An Elegy For The Bad Girl In The Family

One of my cousins, whom I shall call “Xenia” (the warrior princess), is the black sheep in her family, just as I am the black sheep in mine. As I confessed several months ago on this blog, I spent a night in jail and a day in court as a youngster, but Xenia has done better (or worse) than that. Much worse, in fact.

Xenia’s life has been a tragedy. She was the youngest child of older parents and probably never got the love or attention she needed. By the time she was twelve, she was getting drunk with her friends. By the time she was in her twenties, she was a party girl and an alcoholic.

(I even met her in a bar during my pub-crawling days – and I’m almost ashamed to admit that I didn’t know who she was at first, and tried to pick her up before I recognized her as kin and recoiled from my mistake. Yes. An embarrassment not nearly on the level of Ryan O’Neal cluelessly attempting to “game” his own daughter, Tatum, at Farrah Fawcett’s funeral – but bad enough.)

By the time Xenia was in her thirties, she’d had a child out of wedlock. A few years later, she lost her driver’s license after a series of DUI arrests. Not to be deterred by the state of Massachusetts, she continued to drive – only to be arrested on a DUI without a license and sentenced to six months in prison. I don’t know if she served the whole term, but after she got out she was arrested again for beating up her social worker – a male social worker with whom she was having an affair – and sentenced to a month in the county jail. Years later, she is – miraculously – still alive. She may or may not be clean and sober, but she still breathes.

I was never ashamed of her exploits or embarrassed by her awkwardness at family gatherings. I never shunned her or condemned her. The worse thing I did, contrary rascal that I am, was to take perverse pride in her bad girl status.

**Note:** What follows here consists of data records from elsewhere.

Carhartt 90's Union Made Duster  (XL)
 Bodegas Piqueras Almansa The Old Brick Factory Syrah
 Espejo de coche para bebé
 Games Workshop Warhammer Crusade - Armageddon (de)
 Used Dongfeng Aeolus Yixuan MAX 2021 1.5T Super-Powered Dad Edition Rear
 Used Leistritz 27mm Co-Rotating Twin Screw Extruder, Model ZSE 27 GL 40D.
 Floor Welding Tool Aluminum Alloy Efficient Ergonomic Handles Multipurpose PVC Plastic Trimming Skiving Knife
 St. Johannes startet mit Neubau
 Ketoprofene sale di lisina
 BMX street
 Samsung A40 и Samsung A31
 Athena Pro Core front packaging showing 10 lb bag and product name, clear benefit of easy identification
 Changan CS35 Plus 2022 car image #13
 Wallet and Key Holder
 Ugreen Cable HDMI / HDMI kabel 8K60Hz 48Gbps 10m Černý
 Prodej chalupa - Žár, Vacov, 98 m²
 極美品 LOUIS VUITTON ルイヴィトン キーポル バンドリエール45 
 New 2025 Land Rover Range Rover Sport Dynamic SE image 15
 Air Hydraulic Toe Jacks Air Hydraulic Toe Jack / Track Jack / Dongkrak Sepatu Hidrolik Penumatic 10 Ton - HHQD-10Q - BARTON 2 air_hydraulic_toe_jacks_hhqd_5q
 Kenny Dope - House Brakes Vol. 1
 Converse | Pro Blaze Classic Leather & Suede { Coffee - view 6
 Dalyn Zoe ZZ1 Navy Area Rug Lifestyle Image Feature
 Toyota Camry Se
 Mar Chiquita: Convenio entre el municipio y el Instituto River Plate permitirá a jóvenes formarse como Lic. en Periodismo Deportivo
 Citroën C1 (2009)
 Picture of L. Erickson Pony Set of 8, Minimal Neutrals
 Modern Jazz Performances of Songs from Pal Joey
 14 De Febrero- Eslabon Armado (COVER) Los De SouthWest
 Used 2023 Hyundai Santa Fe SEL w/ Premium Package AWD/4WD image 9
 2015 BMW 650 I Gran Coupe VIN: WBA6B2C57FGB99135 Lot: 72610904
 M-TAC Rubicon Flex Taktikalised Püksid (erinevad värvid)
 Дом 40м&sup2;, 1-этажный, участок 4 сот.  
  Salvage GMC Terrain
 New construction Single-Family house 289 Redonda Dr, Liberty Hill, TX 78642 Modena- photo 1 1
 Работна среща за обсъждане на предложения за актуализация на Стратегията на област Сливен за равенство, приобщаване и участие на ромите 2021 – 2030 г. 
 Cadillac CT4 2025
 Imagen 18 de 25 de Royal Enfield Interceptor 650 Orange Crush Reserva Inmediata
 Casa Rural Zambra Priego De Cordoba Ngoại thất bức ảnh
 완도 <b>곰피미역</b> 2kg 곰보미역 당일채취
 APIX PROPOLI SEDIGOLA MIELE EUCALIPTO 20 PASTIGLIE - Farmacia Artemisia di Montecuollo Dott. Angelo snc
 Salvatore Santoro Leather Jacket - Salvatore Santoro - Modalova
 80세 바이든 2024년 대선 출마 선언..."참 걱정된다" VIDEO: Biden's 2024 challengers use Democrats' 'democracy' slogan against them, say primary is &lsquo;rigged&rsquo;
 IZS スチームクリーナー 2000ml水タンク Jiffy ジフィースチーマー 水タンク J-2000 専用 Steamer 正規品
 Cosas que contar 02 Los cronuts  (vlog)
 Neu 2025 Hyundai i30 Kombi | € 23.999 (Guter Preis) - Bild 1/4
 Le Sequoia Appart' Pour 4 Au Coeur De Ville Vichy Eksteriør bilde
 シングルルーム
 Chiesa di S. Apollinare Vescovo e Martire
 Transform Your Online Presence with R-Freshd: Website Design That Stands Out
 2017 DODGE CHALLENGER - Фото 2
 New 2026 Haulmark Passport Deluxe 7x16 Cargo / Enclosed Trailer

That may have been worse than condemning her, but – hell – her rebellious ways made her damned interesting in the context of my family’s stifling lace-curtain snootiness. But the fact remains that her mother is now dead, she has no husband, her only child has not grown up with her, and now she is alone. Sin and bad luck are different things, and there are scoundrels that prosper while good people fail, but sinners who are not lucky should not be considered the worse because of it.